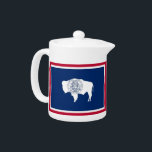 Wyoming State Flag Teapot<br><div class="desc">Add a touch of Wyoming pride to your tea time with our exclusive teapot featuring the flag of Wyoming! Crafted with meticulous attention to detail, this teapot is more than just a functional item; it’s a celebration of Wyoming’s heritage and cultural pride. The elegant design prominently displays the iconic Wyoming...</div>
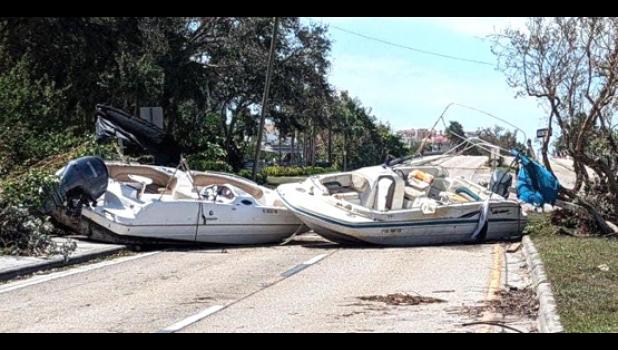Contributed photo After the floodwaters receded, these two boats were left in the middle of a road in Bonita Springs. Contributed photo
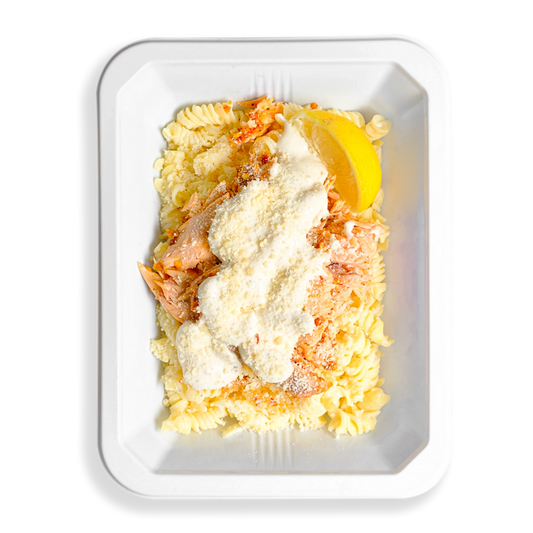 Light-colored dish of shredded roasted salmon on gluten-free pasta, coated in a house-made Alfredo and parmesan blend, softly filling the white to-go tray with creamy comfort. But comfort aside this looks like the perfect health meal that is prepared for people who love eating clean and are too busy to always be cooking.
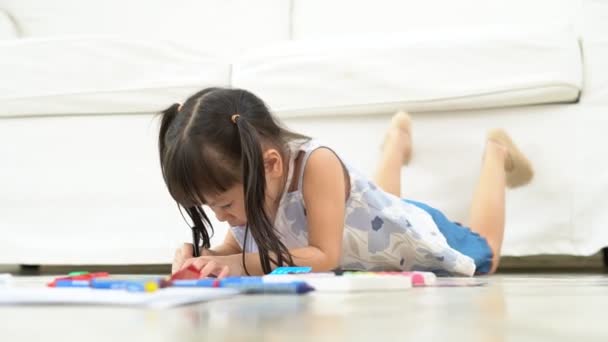 かわいいアジア系の子供の女の子は 暖かい床に横たわって 色ペンの描画や絵画を保持し 彼女は楽しんでいると笑 学習の概念と創造的な趣味 子供の発達を楽しむ — ストック動画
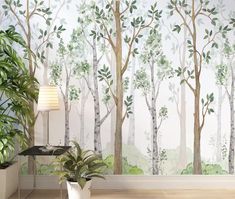 a living room with a wall mural and potted plant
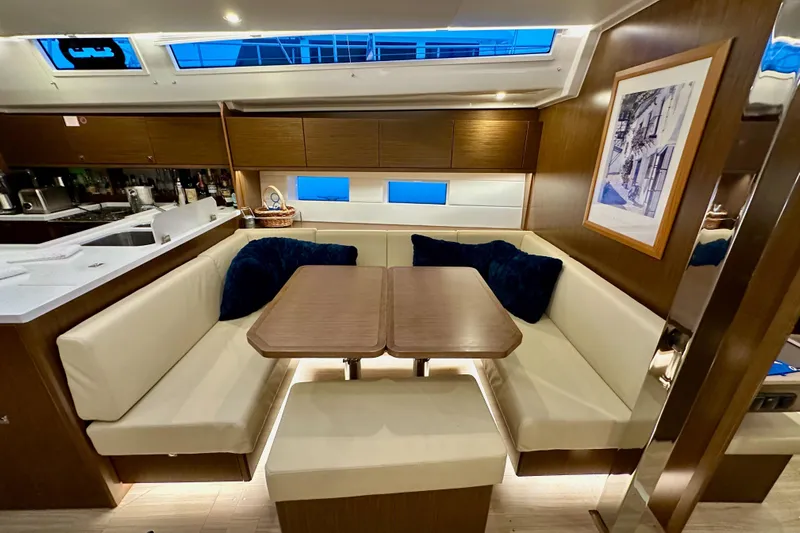 Pain Killer Yacht Photos Pics Luxurious interior of 2020 Bavaria C50 yacht with elegant seating and modern decor.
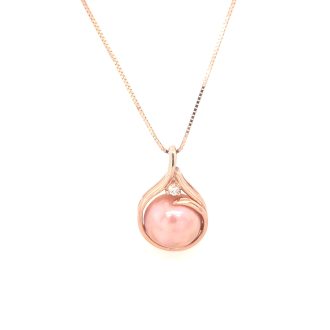 Gleaming 14K rose gold adorned with a blush pink pearl - a beautiful and timeless drop pendant total weight of .06ctw.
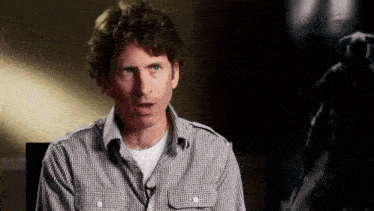 a man in a plaid shirt has a microphone in his pocket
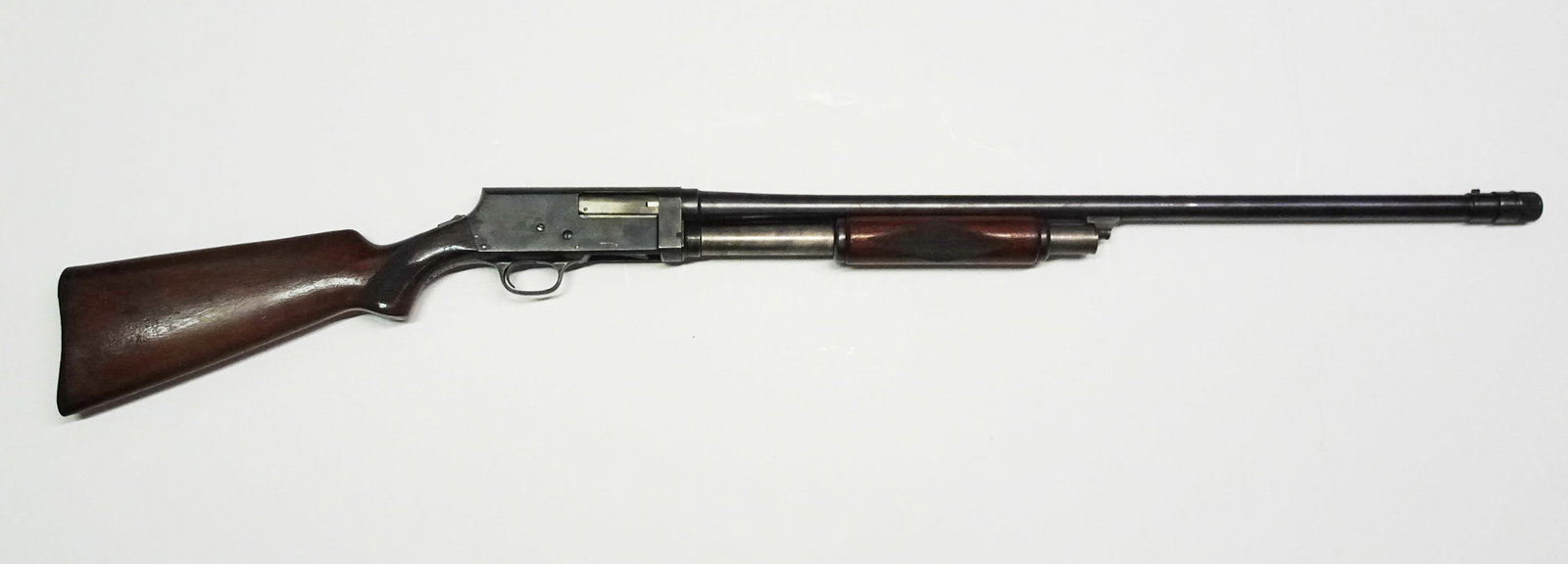 JC Higgins pump shotgun: JC Higgins pump shotgun. 12 gauge, 5 rounds, tube fed. 2 3/4" chamber. Serial number 33856. 30" barrel, length overall 49". Poly-Choke adjustable choke installed.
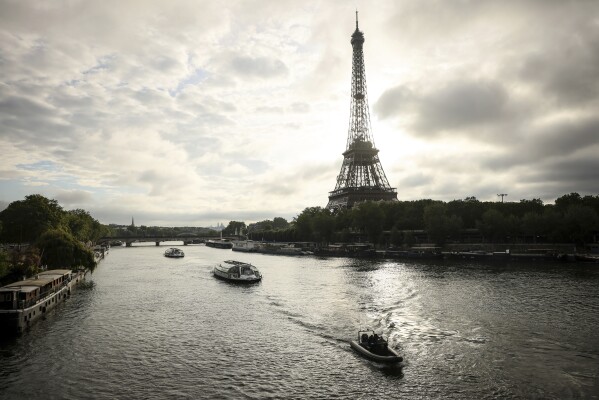 Barges cruise on the Seine river near the Eiffel Tower during a rehearsal for the Paris 2024 Olympic Games opening ceremony, Monday, June. 17, 2024 in Paris. The river will host the Paris 2024 Olympic Games opening ceremony on July 26 with boats for each national delegation. (AP Photo/Thomas Padilla)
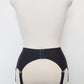 black, retro style, 6 strap Scarlett garter belt with black straps and lace side inserts, back view
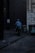 A delivery person wearing a blue jacket and helmet rides a scooter down a dimly lit alley. There are graffiti-covered dumpsters on the side, and the walls are made of old stone and dark brick.
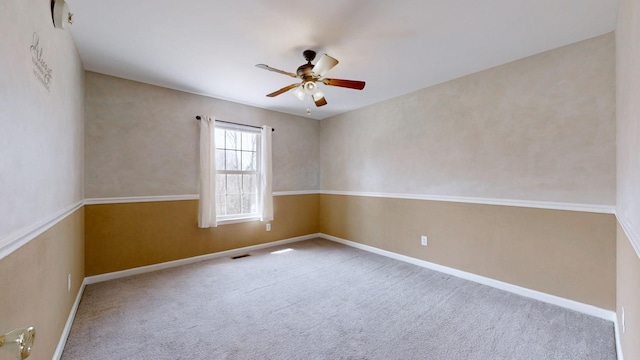 carpeted spare room with visible vents, a ceiling fan, and baseboards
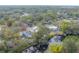 High-angle view of houses near a waterway, showing lush vegetation at 1214 E Park Cir, Tampa, FL 33604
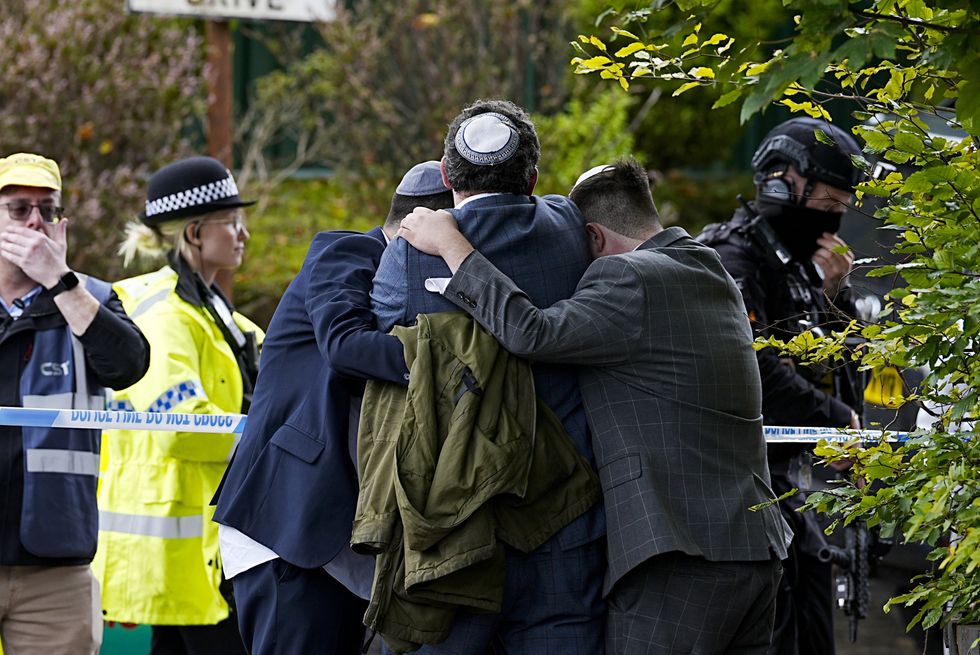 The rabbi shut the doors to the synagogue, preventing the attacker from getting inside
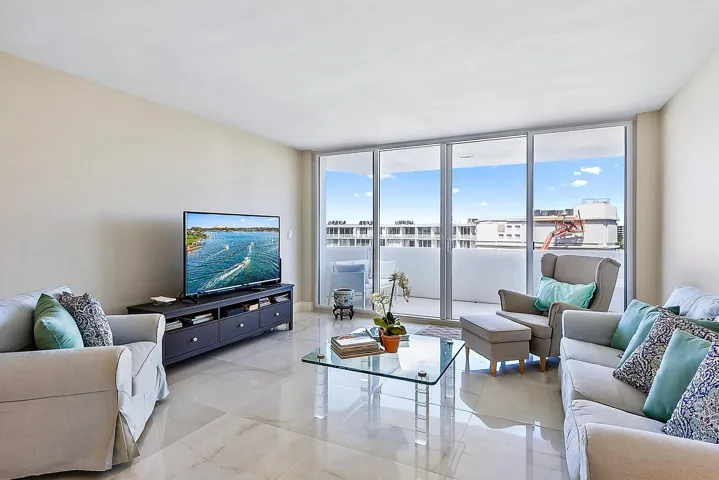 Expansive glass sliding doors to balcony, light-toned wall color, and polished tile flooring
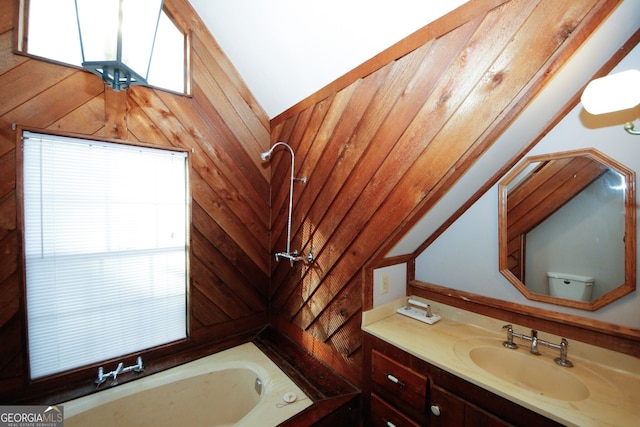 bathroom with vanity, wood walls, toilet, and vaulted ceiling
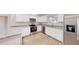 This kitchen features stainless steel appliances, granite countertops, and white cabinets with chrome hardware at 24264 Sw South Hills Ct, Dunnellon, FL 34431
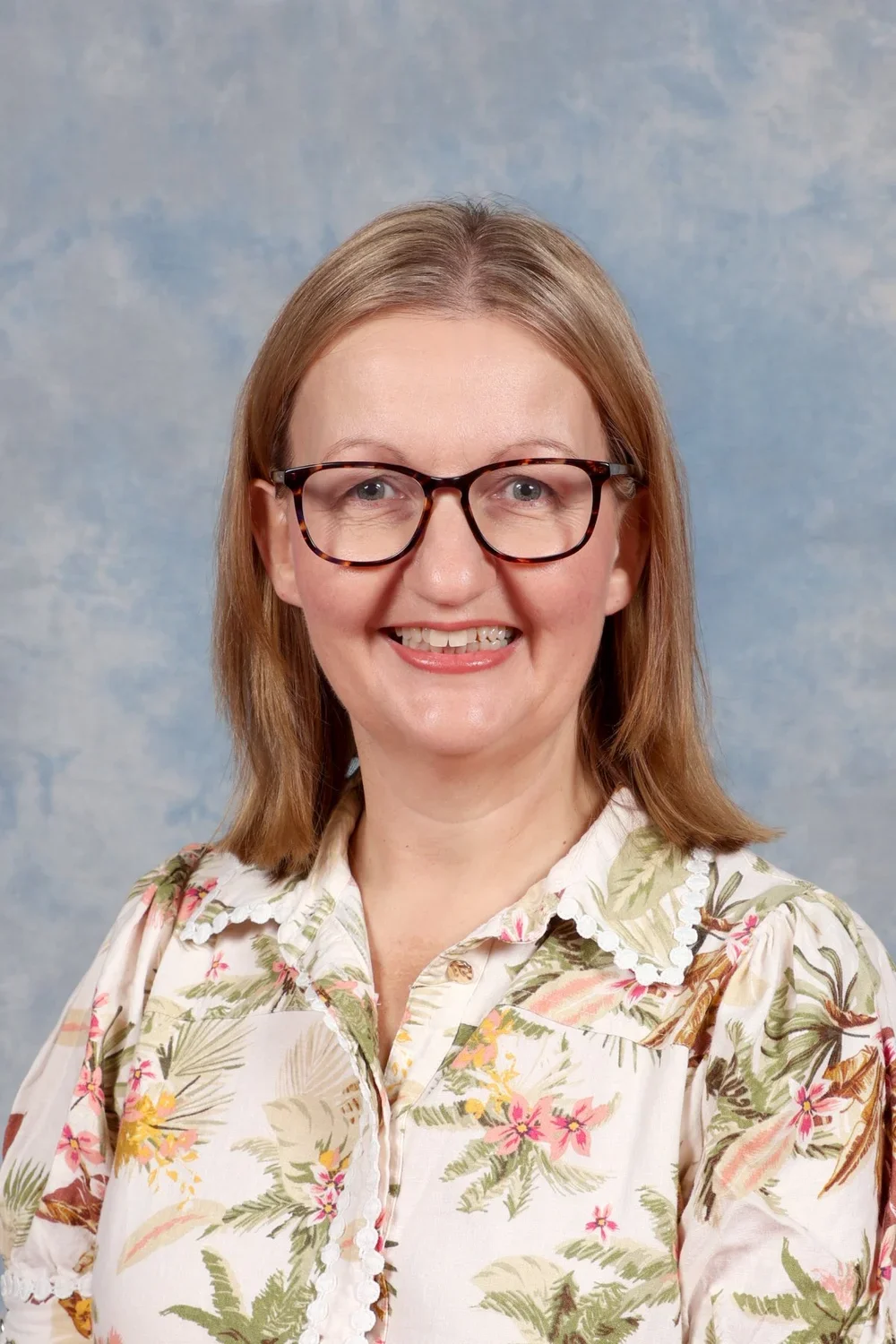 A woman with shoulder-length light brown hair, wearing glasses with a tortoise shell pattern, a floral blouse, and smiling, against a soft blue background.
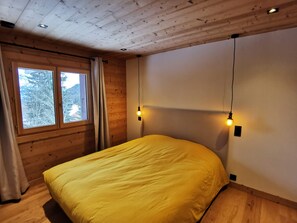 A room with a bed, wooden walls, a window with curtains, and two wall-mounted lights. - Assy's Cocoon (Passy)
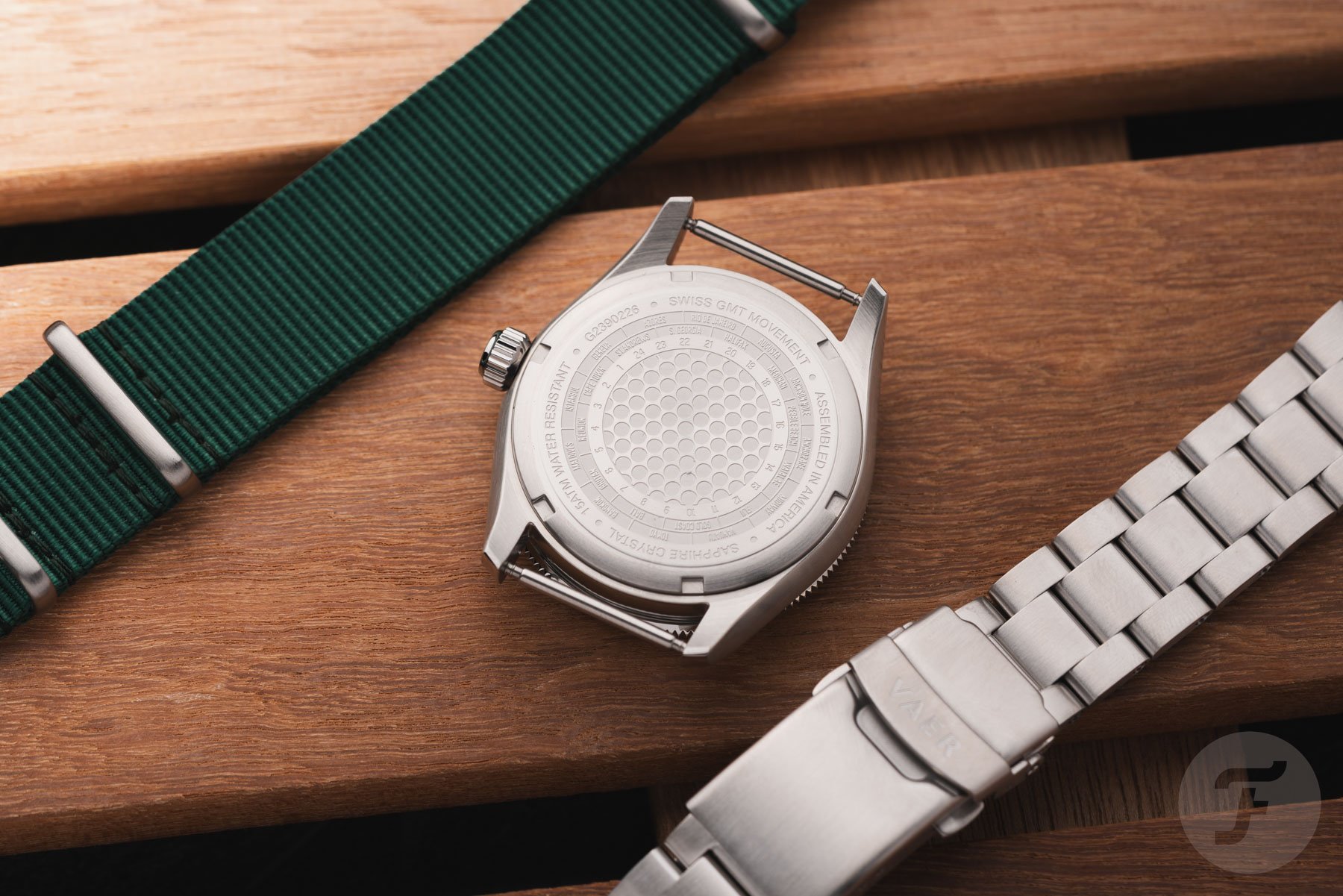 Vaer G2 Fairway GMT face down between green NATO strap and bracelet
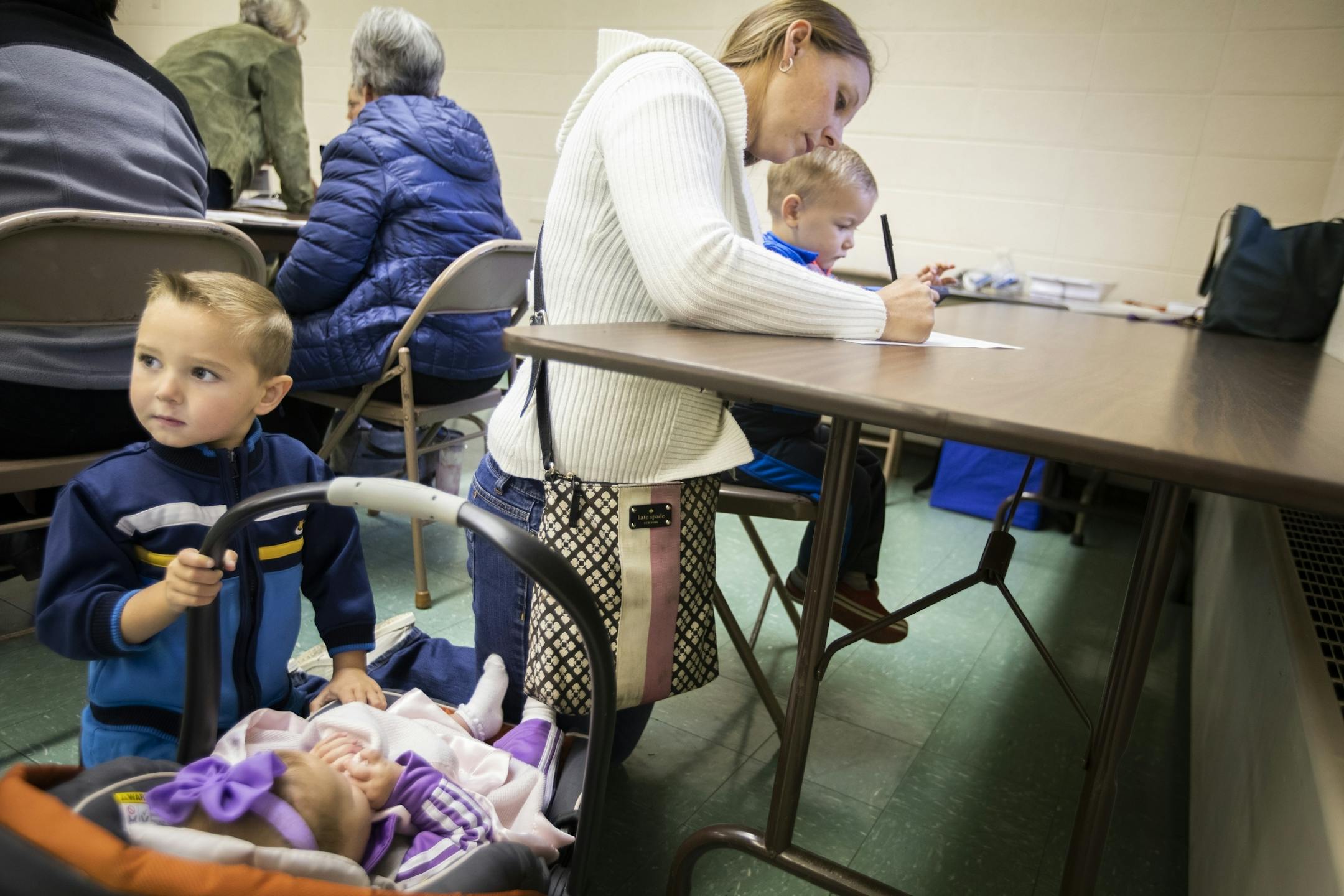 Mary Menne, with her children Peter, from left, 4, Josephine, five months, and Isaac, 2, fills out her ballot at St. Joseph's Catholic Church Parish Center in Henderson.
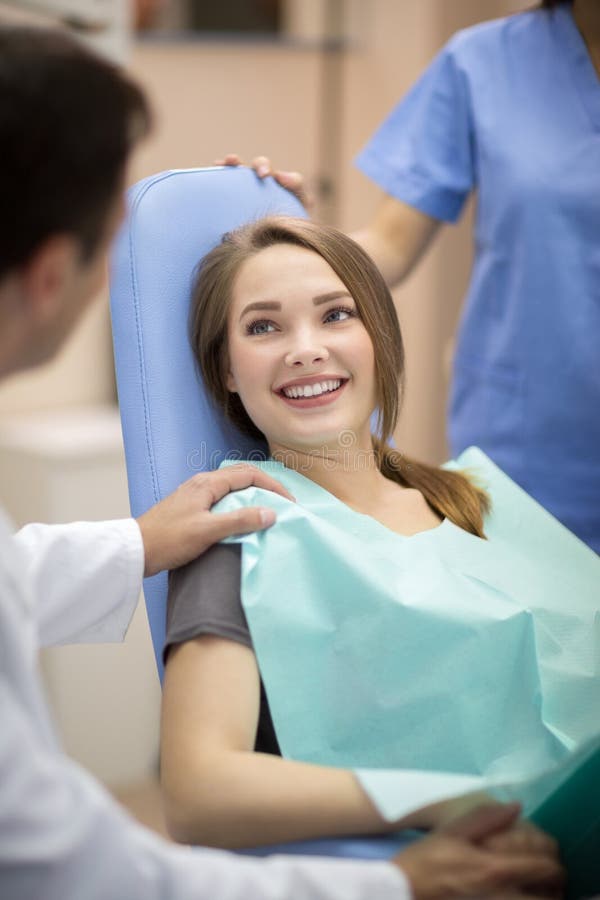 Dentista que consola o paciente foto de stock Dentista que consola o paciente foto de stock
--------------------------------------------------
__Work instruction__. Set the pictures aside and retype exactly the lines above from the line with "Light-colored dish of" to the line with "かわいいアジア系の子供の女の子は 暖かい床に横たわって 色ペンの描画や絵画を保持し", both included, adding no others.

__Answer section__.
 Light-colored dish of shredded roasted salmon on gluten-free pasta, coated in a house-made Alfredo and parmesan blend, softly filling the white to-go tray with creamy comfort. But comfort aside this looks like the perfect health meal that is prepared for people who love eating clean and are too busy to always be cooking.
 かわいいアジア系の子供の女の子は 暖かい床に横たわって 色ペンの描画や絵画を保持し 彼女は楽しんでいると笑 学習の概念と創造的な趣味 子供の発達を楽しむ — ストック動画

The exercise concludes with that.